Quatre mois après le tumulte qui a entouré la finale de la Coupe d’Afrique des Nations (CAN), le verdict sur la libération des supporters sénégalais incarcérés à Rabat tarde à tomber. Alors que trois d’entre eux ont retrouvé la liberté, les autres, reconnus comme instigateurs des échauffourées sur la pelouse, pourraient bien croupir en prison pendant encore plusieurs mois.
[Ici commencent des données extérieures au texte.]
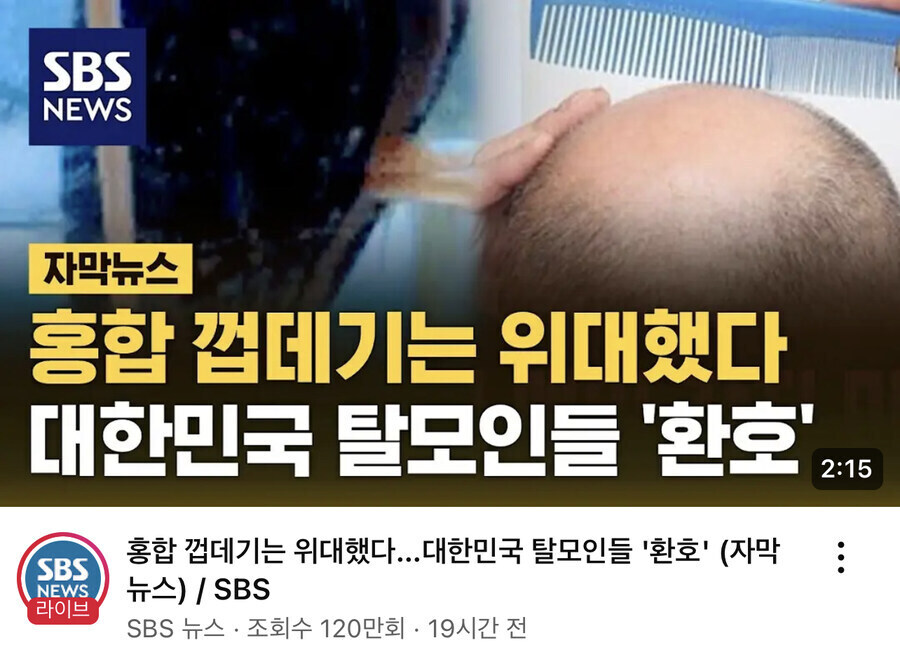 홍합이 대머리를 핥는거 아님.jpg_1.jpg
Interrogé par les médias, le président Bassirou Diomaye Faye a tenu à exprimer son soutien inconditionnel aux Lions de la Teranga emprisonnés au Maroc. « Il serait malavisé de croire que nous n’avons pas tout mis en œuvre pour nos supporters. Ils bénéficient de notre entière solidarité », a-t-il déclaré, selon les échos rapportés par Afrik-Foot.
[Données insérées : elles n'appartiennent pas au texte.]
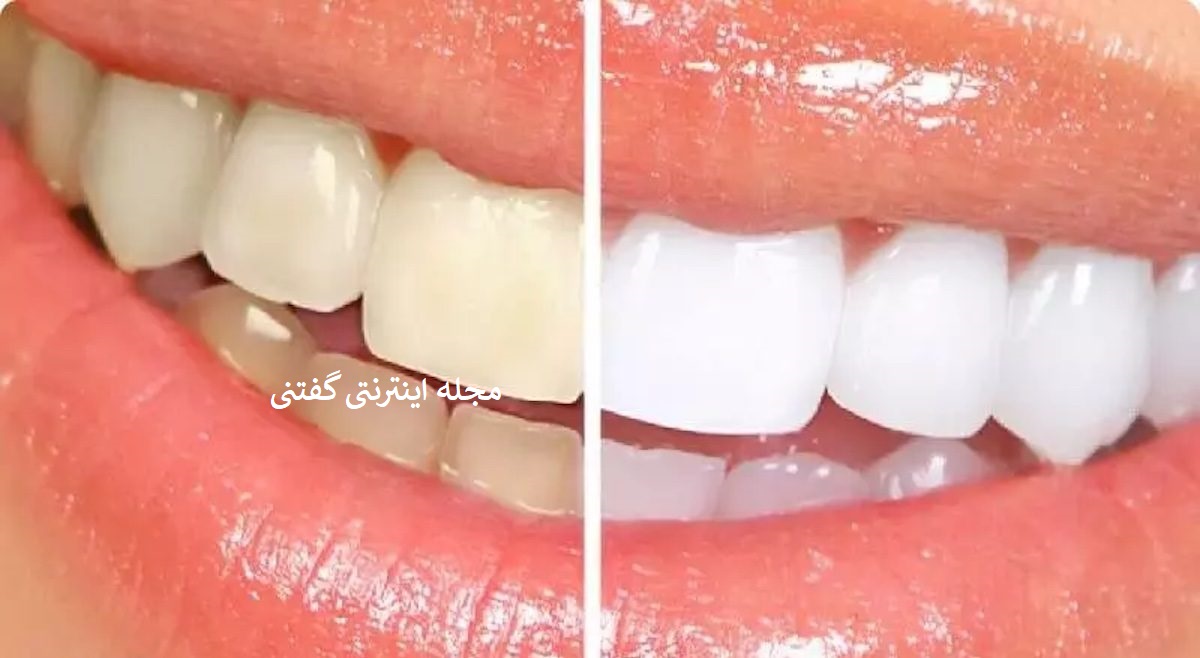 سفید کردن دندان در خانه1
Un appel au roi du Maroc pour une grâce présidentielle
Les autorités sénégalaises n’ont pas ménagé leurs efforts pour obtenir la libération des supporters condamnés après les incidents survenus lors du match du 18 janvier. « Il est essentiel de respecter la souveraineté judiciaire du Maroc. Pourtant, la sévérité des peines prononcées interroge : habituellement, ces affaires se soldent par des amendes. Ici, la situation dépasse largement le cadre sportif », a souligné Bassirou Diomaye Faye.
Face à l’intransigeance marocaine, le gouvernement sénégalais a déployé une stratégie diplomatique multiforme. « J’ai sollicité une audience auprès du roi du Maroc afin de plaider en faveur de la clémence envers nos supporters. Une médiation a été engagée avec toutes les parties prenantes, y compris le volet religieux », a expliqué le chef de l’État, qui a officiellement adressé une lettre à Sa Majesté Mohamed VI. Malgré ces démarches, la situation reste dans l’impasse.